(Your task) The material below is to be copied exactly from the line with "Wild Republic - Hanging" up to and including the line with "Brass Padlock 20mm (2 Pack)", with nothing else kept and no pictures.

(Source material)
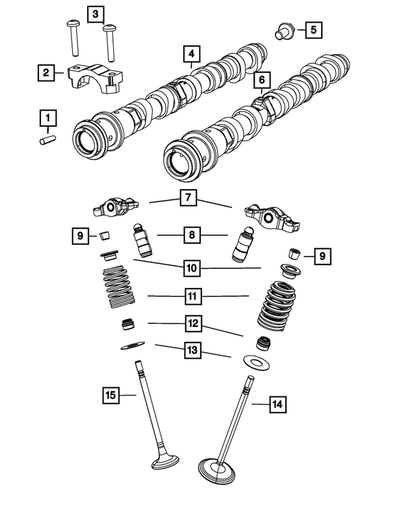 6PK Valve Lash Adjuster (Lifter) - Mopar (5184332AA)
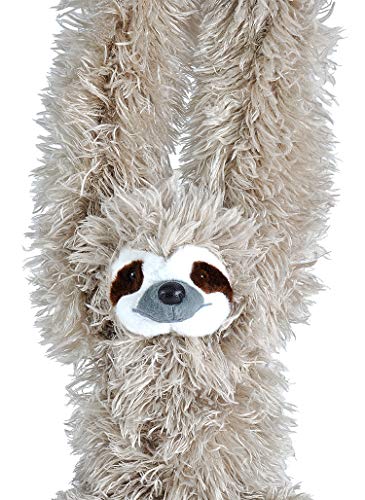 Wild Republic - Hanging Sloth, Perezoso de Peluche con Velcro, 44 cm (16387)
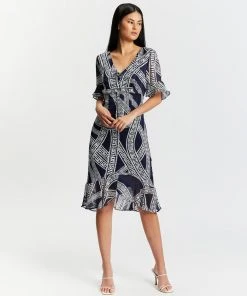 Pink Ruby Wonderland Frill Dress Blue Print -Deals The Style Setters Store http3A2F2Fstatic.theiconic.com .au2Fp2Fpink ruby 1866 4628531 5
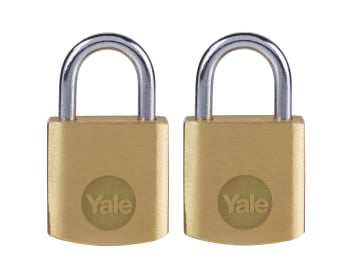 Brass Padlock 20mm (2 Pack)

---

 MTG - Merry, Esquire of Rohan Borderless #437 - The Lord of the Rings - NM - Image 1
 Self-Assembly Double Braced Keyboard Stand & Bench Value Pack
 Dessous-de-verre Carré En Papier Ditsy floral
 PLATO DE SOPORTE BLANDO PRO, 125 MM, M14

(Finished task)
 Wild Republic - Hanging Sloth, Perezoso de Peluche con Velcro, 44 cm (16387)
 Pink Ruby Wonderland Frill Dress Blue Print -Deals The Style Setters Store http3A2F2Fstatic.theiconic.com .au2Fp2Fpink ruby 1866 4628531 5
 Brass Padlock 20mm (2 Pack)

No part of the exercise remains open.